As with former Town heritage planner Denise Horne and the Ontario Land Tribunal in its 2024 Decision, the report recognizes the Rand Estate as “cultural heritage landscape of exceptional significance” within not only NOTL but the province and indeed the country. The report calls Randwood “one of the most intact and significant early twentieth-century estate landscapes in Canada”.
With regard to the Marotta proposal, staff conclude that it would result in “substantial adverse effects to protected heritage attributes and the broader Rand Estate Cultural Heritage Landscape through demolition, relocation, removal of landscape features, wall alterations and significant tree loss”. All of which staff concluded have not been justified as required under the Provincial Policy Statement, Town guidelines and best practice. Staff therefore recommend that the Marotta companies be required, should they wish to proceed, with a proposal in which “development should be subordinate to the historic landscape”.
With regard to the highly contentious proposed subdivision street on the 200 John Street panhandle, which has already been rejected by Denise Horne in her report accepted by Council in April of 2023, by Council again in its December 15, 2023 resolution and by the OLT in its October, 2024 Decision, staff state that the Marotta companies should be required to come back with a proposed access “that demonstrates the least overall intervention within the historic estate rather than simply the option that best satisfies engineering or site planning objectives”.
Concerning the proposed 85 foot high hotel next to the Rand Manor House staff note that it will “not be physically subordinate to the heritage buildings”, contrary to best practice heritage guidelines. Our supporters will recall that this was an important principle when the 2011 Council narrowly approved the Romance Inn proposal; thus the intent at the time was that the Inn be no more than 3 stories. The Marotta proposal is nearly triple that height. Staff therefore recommend that “further justification of the hotel’s proposed height, footprint and overall scale is required”.
In summary, the proper understanding of the Town heritage staff report is that they have recommended the current proposal be rejected and told Mr. Marotta to come back with a proposal that is “heritage first”. This is entirely consistent with the Council resolution of December 15, 2023 which clearly told Mr. Marotta to use a “constraints-based” approach to any Rand proposal-in other words accept the constraints the estate imposes on you and work within them rather than pretending they don’t exist or are inconvenient so they can be ignored.
The new staff heritage report is also entirely consistent with the well-reasoned OLT Decision in October of 2024. As reported to Council by Town lawyer Nancy Smith on October 21, 2024, the Tribunal in its Decision confirmed:
- Heritage protection extends to the landscape, setting and inter-relationships of attributes, not simply the attributes themselves
- Attribute demolition is a last resort. The goal of heritage conservation is to “tell the story” by the very existence of the attribute. Preservation is the goal
- Ms. Horne’s conservation approach was practical and thorough.
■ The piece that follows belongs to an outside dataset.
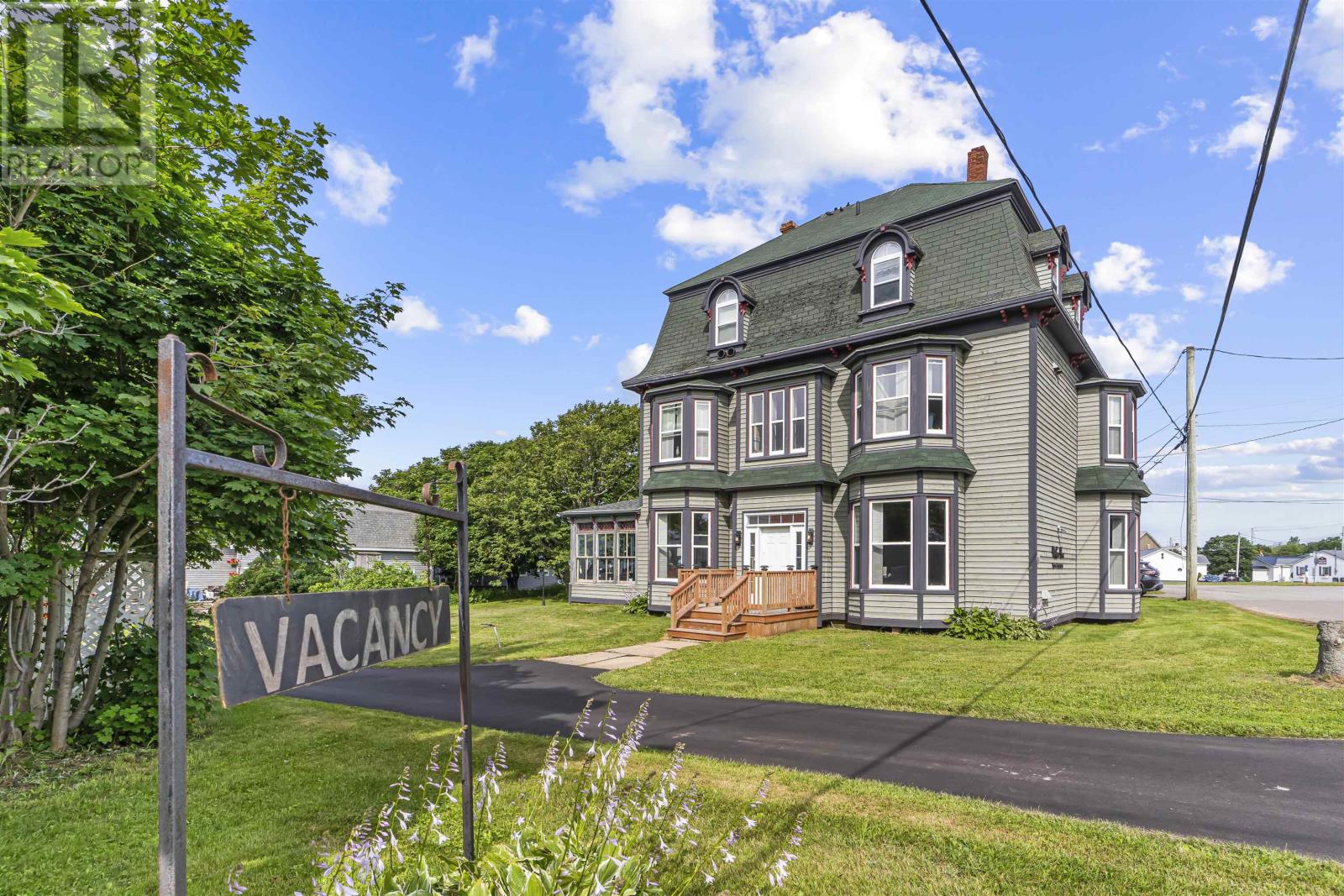 16 Washington St, Souris, PE C0A 2B0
The Tribunal endorsed it and ordered that most of the character-defining elements will be preserved and rehabilitated, or relocated where warranted.
- No panhandle access. Solmar must find another access solution which may, in all likelihood, involve a shared access through 1444/176 John for both a potential future hotel and the subdivision.
- The remaining trees [that the Marotta companies did not clear cut in 2018] are part of the cultural heritage landscape to be conserved.
In conclusion, Mr. Marotta has now been told five times- by Denise Horne in 2023, by Council when it endorsed her report at a meeting attended by hundreds in April of 2023, by Council again in its December 15, 2023 resolution, definitively by the OLT in its October 2024 Decision and now again by Town heritage staff that he can’t simply do what he wants at the Rand Estate and that he must accept and work within the many constraints the estate imposes on him. Will he finally get the message or do we have to keep on doing this over and over again? We’re not optimistic.
A reminder that this new staff report will be considered at the Municipal Heritage Committee meeting this coming Wednesday July 8 at the Council Chambers. We expect the Committee won’t reach the Rand matter until close to 7 pm.